__WORK TO COMPLETE__. Could you write out, exactly, every line from the top of the data through the line holding "Fernando Castro Pacheco<i>, Hombre"? Omit the pictures.

__RAW DATA__.

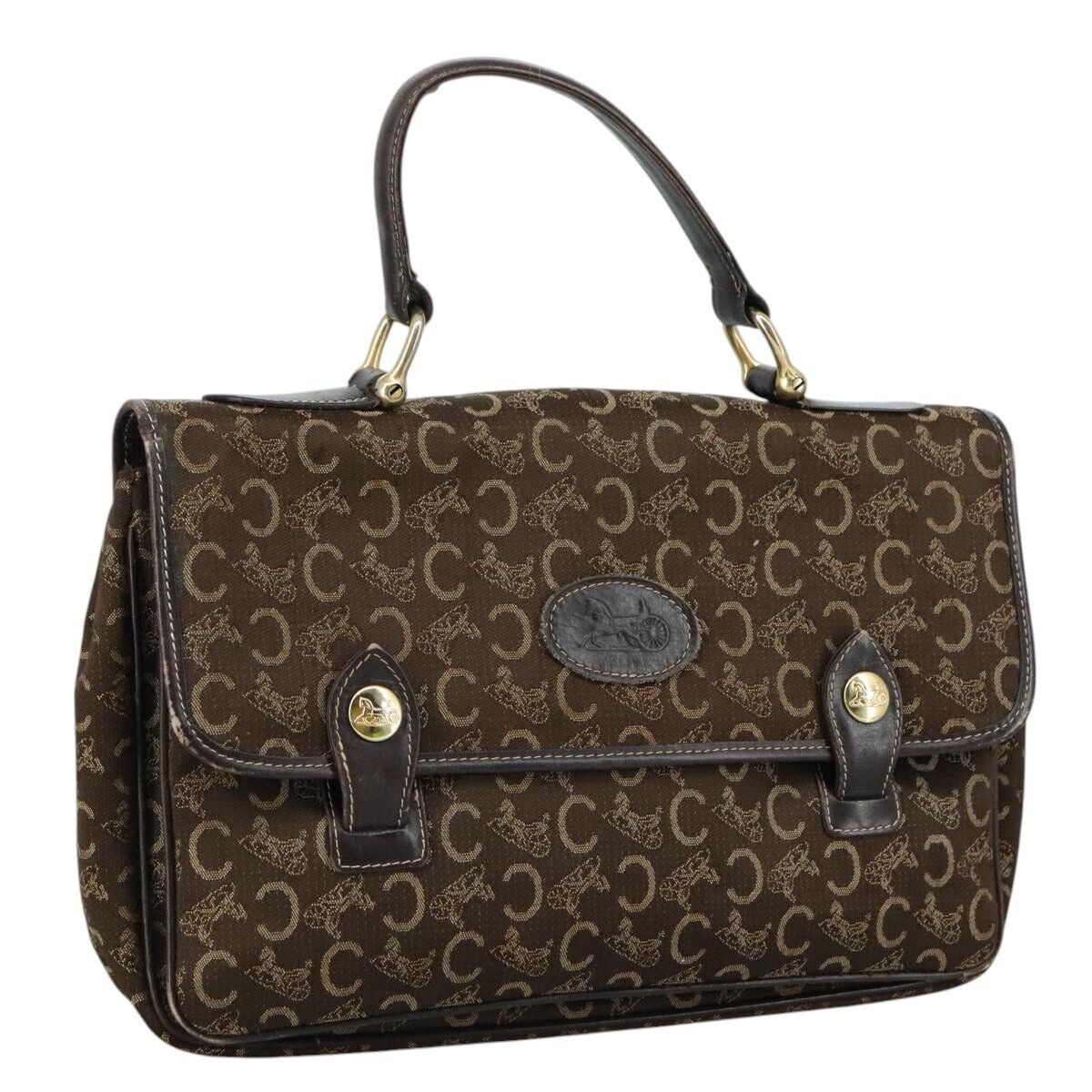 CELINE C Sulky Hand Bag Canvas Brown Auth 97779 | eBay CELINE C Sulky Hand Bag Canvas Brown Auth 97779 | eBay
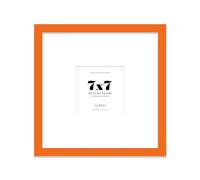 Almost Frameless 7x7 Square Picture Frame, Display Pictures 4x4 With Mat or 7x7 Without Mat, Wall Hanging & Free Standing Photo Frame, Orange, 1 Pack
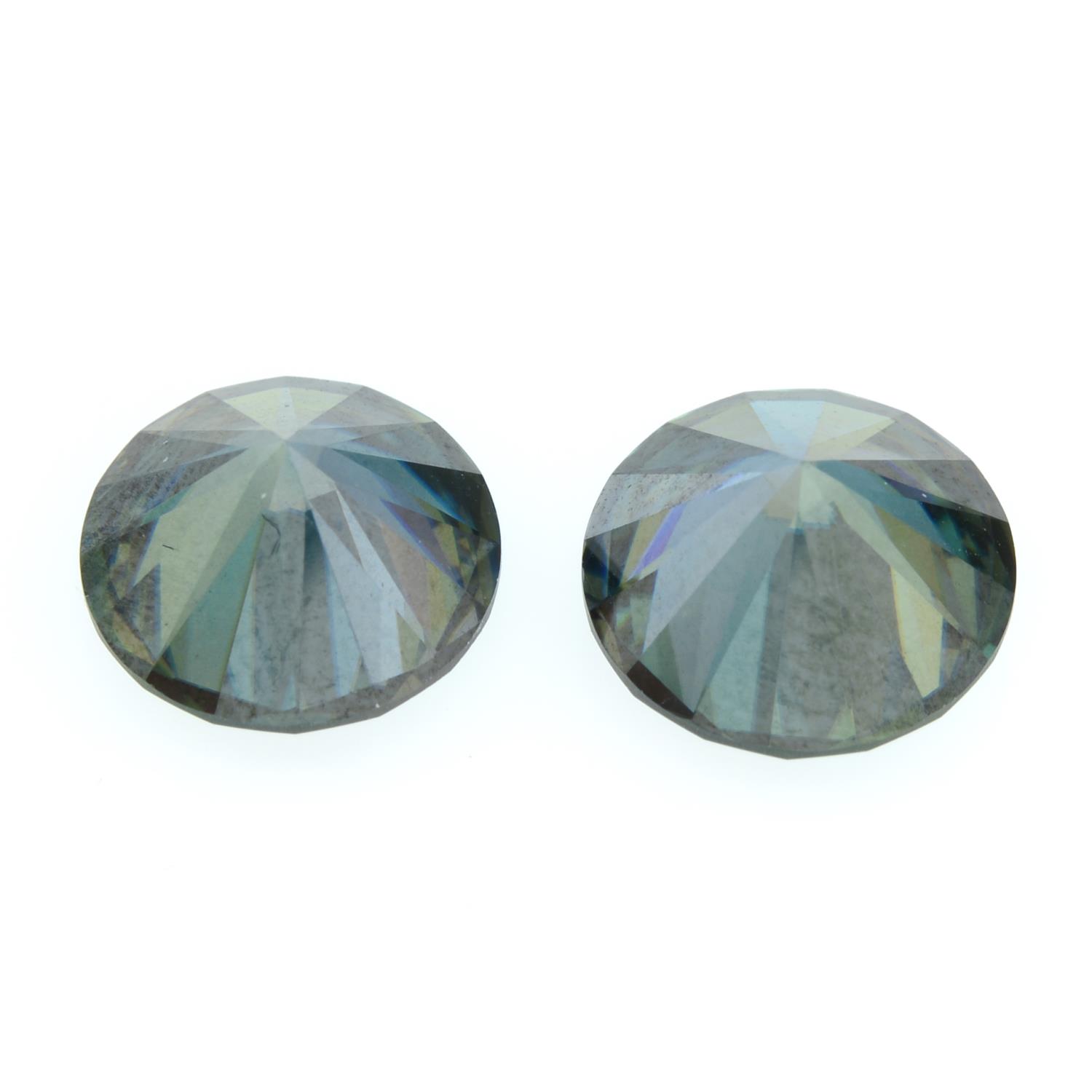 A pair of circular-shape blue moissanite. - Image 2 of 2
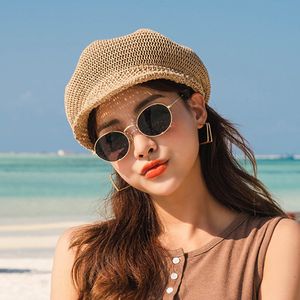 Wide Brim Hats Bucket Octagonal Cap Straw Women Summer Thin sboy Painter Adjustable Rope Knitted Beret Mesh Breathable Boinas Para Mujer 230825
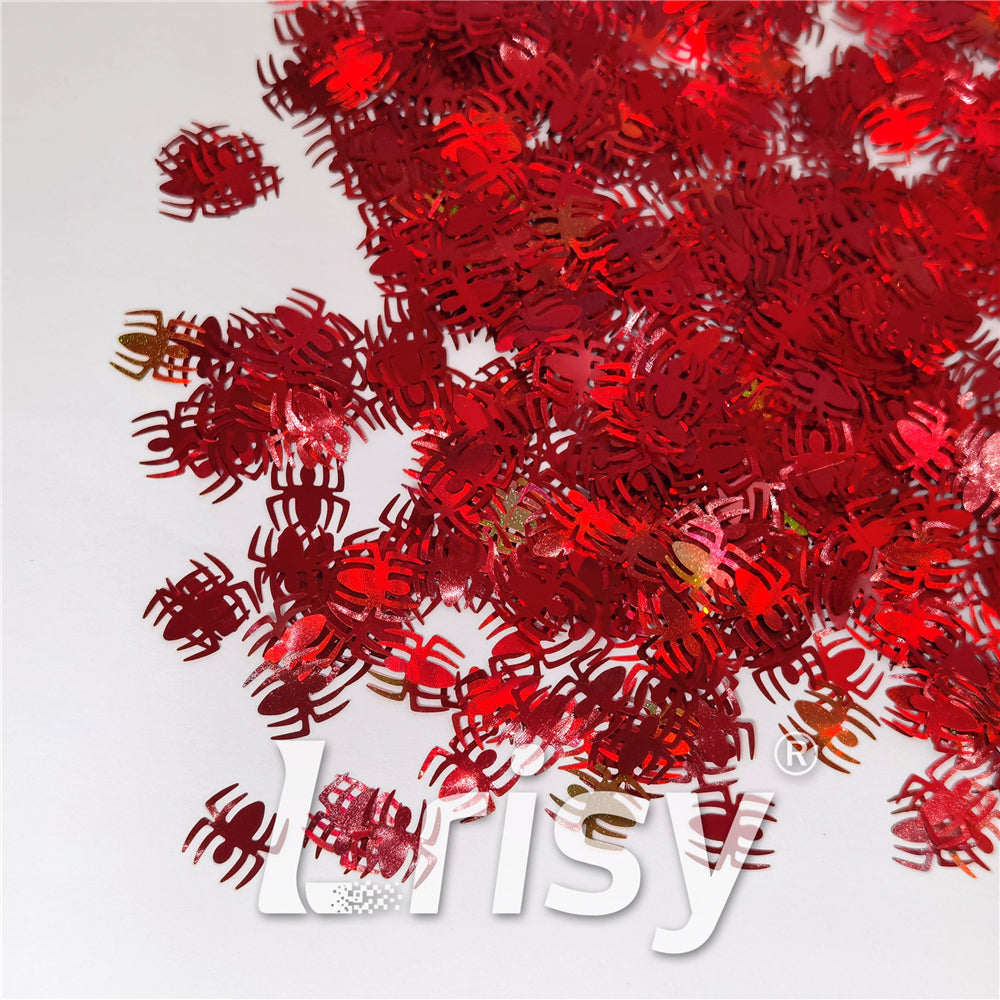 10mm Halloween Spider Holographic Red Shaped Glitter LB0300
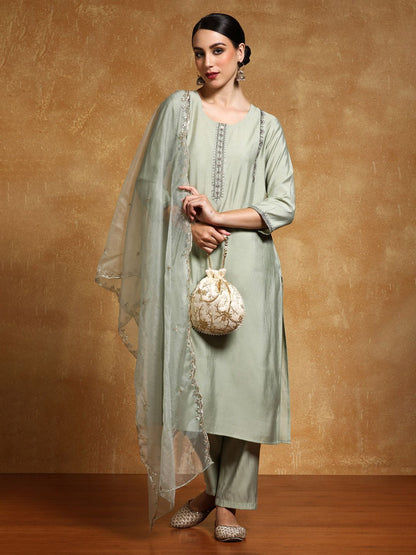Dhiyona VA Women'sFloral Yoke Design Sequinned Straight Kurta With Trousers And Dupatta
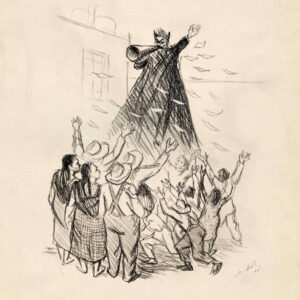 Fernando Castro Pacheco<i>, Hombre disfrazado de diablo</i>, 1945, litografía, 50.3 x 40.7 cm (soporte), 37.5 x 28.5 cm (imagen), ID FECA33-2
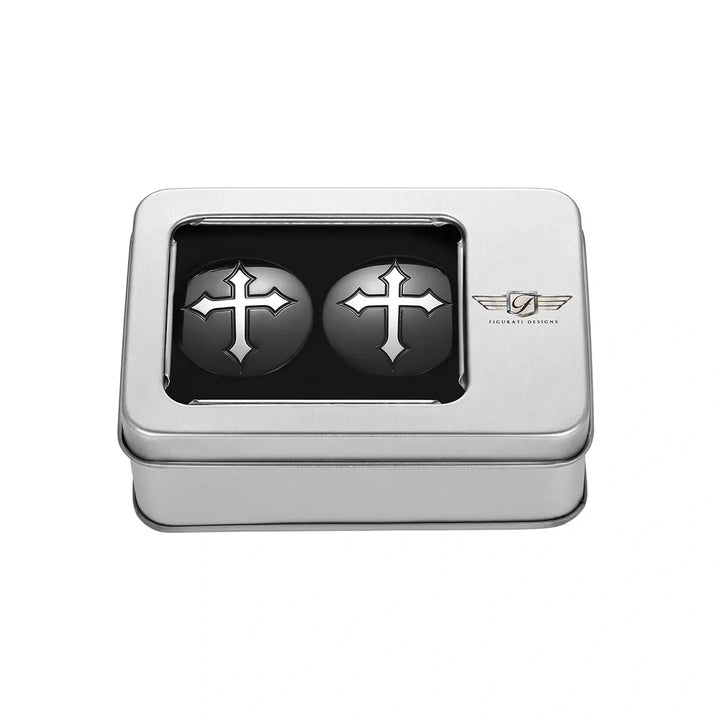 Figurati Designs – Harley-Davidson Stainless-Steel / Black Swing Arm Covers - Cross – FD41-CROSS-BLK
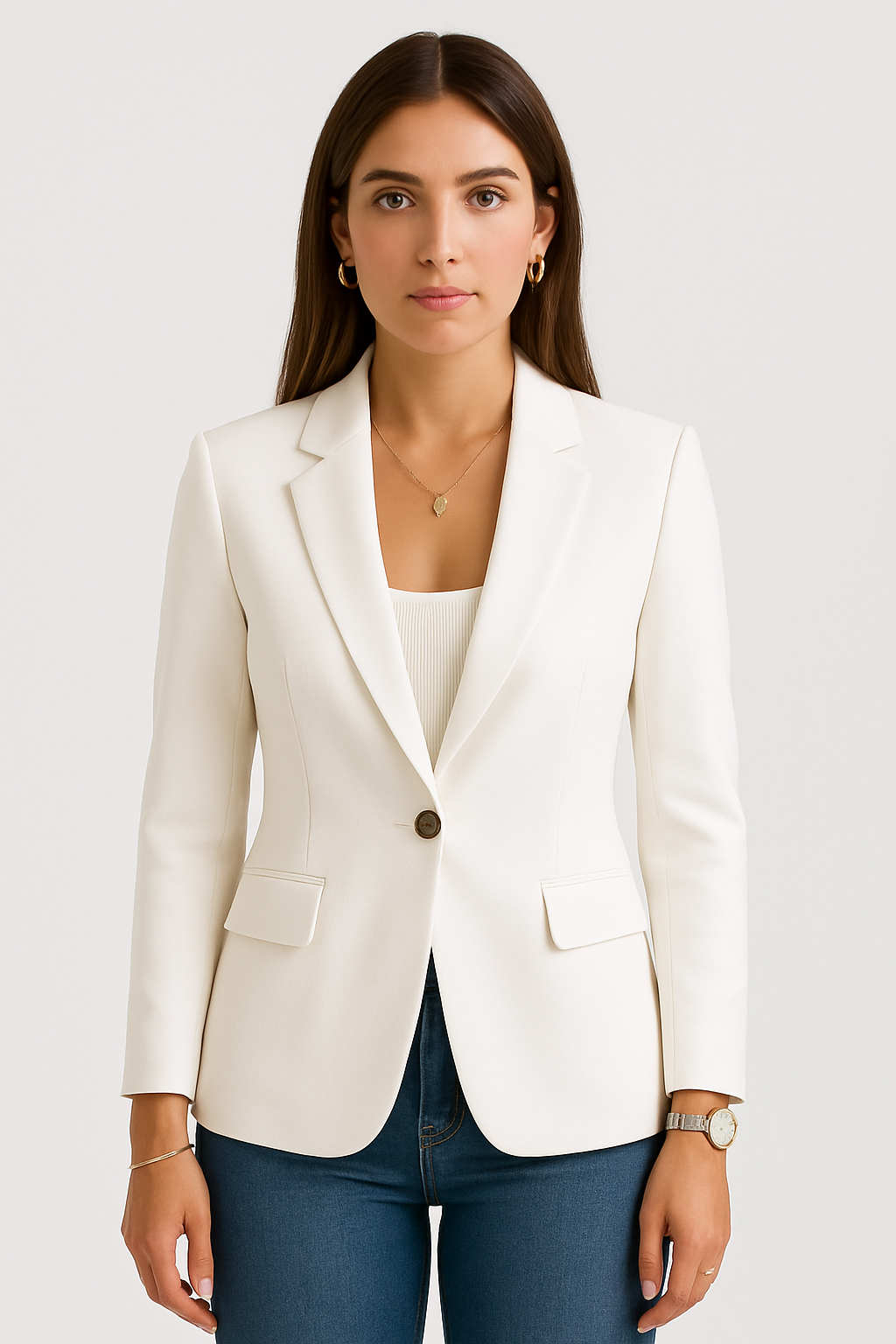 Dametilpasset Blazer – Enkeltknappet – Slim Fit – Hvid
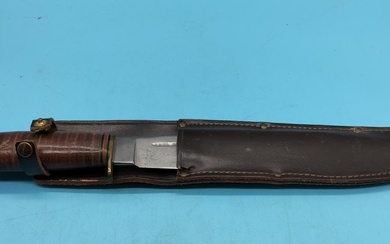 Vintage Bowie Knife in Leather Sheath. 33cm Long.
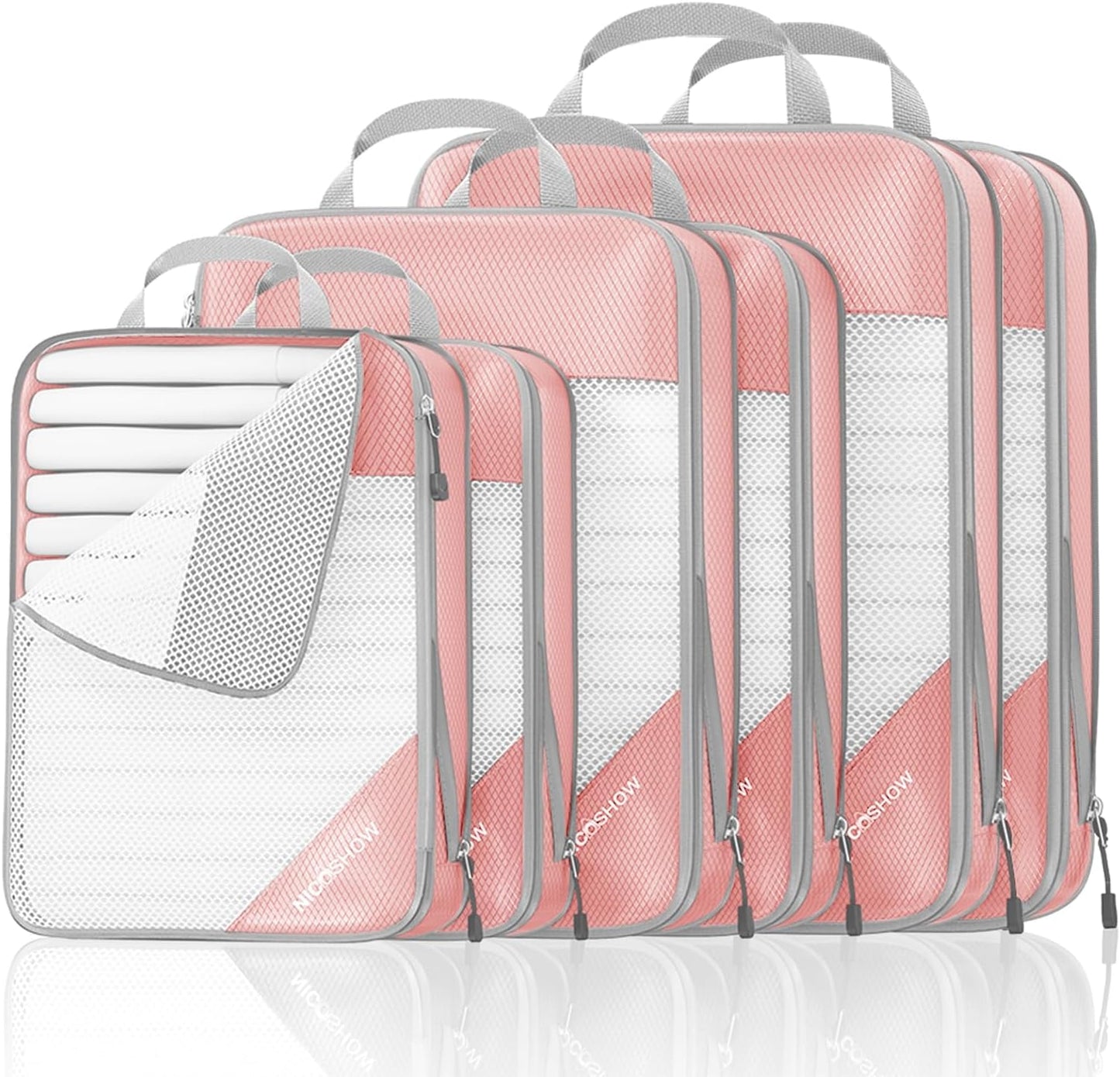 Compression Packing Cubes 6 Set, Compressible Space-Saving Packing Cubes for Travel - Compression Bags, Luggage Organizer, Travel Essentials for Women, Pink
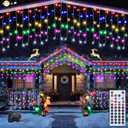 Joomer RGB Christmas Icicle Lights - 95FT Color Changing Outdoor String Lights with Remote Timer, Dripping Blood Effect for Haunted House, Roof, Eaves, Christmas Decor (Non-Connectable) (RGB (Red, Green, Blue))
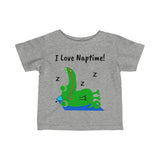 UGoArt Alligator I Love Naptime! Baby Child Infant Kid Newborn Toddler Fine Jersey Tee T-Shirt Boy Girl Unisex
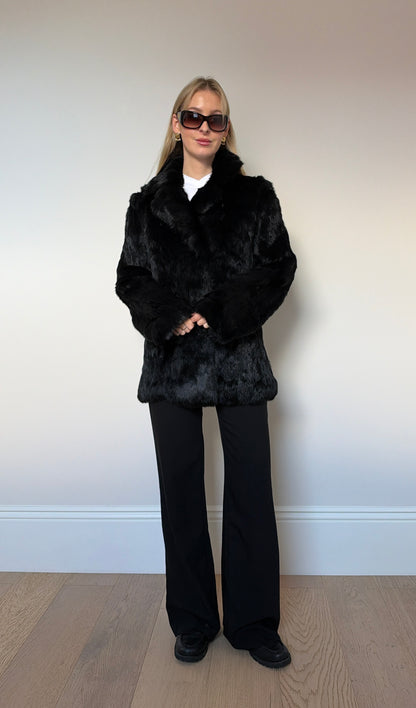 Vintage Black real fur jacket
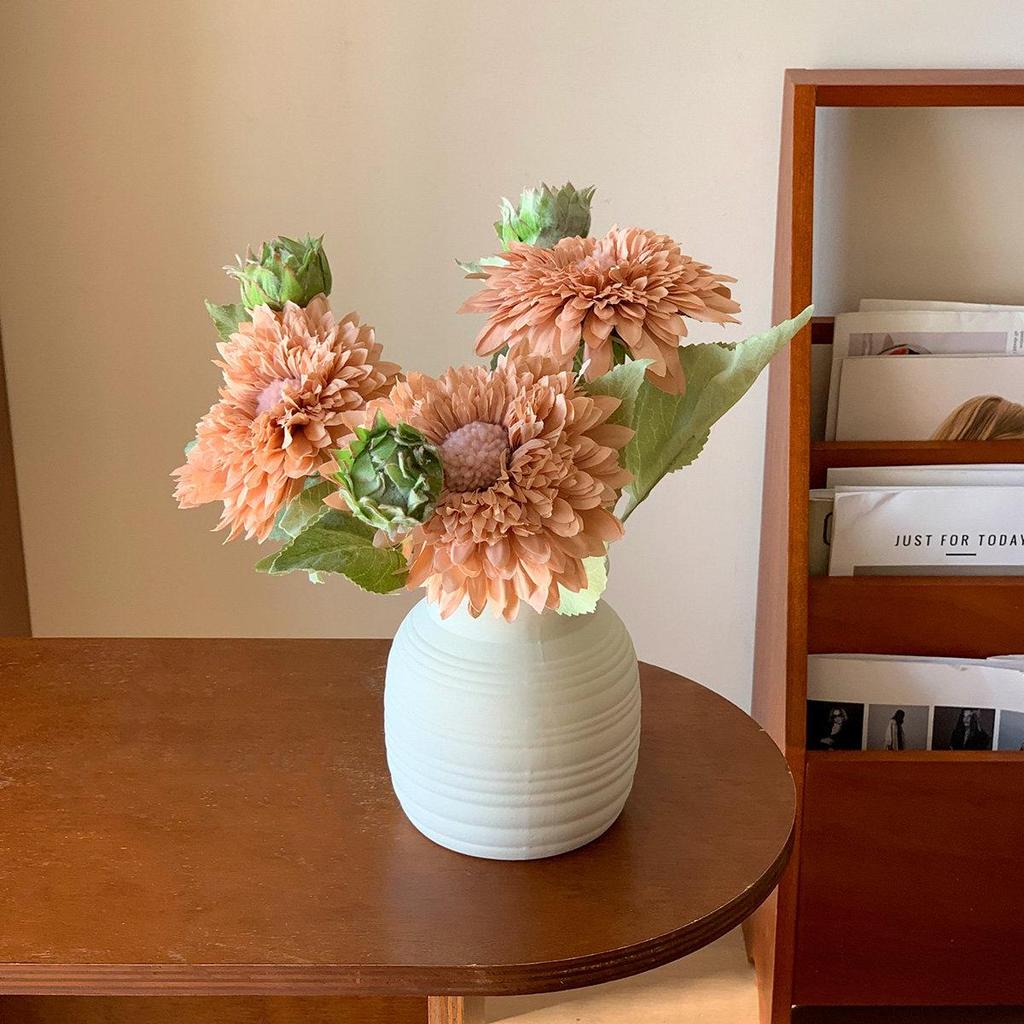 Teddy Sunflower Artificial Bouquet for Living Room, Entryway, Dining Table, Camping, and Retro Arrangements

__COMPLETED EXERCISE__.
 CELINE C Sulky Hand Bag Canvas Brown Auth 97779 | eBay CELINE C Sulky Hand Bag Canvas Brown Auth 97779 | eBay
 Almost Frameless 7x7 Square Picture Frame, Display Pictures 4x4 With Mat or 7x7 Without Mat, Wall Hanging & Free Standing Photo Frame, Orange, 1 Pack
 A pair of circular-shape blue moissanite. - Image 2 of 2
 Wide Brim Hats Bucket Octagonal Cap Straw Women Summer Thin sboy Painter Adjustable Rope Knitted Beret Mesh Breathable Boinas Para Mujer 230825
 10mm Halloween Spider Holographic Red Shaped Glitter LB0300
Dhiyona VA Women'sFloral Yoke Design Sequinned Straight Kurta With Trousers And Dupatta
 Fernando Castro Pacheco<i>, Hombre disfrazado de diablo</i>, 1945, litografía, 50.3 x 40.7 cm (soporte), 37.5 x 28.5 cm (imagen), ID FECA33-2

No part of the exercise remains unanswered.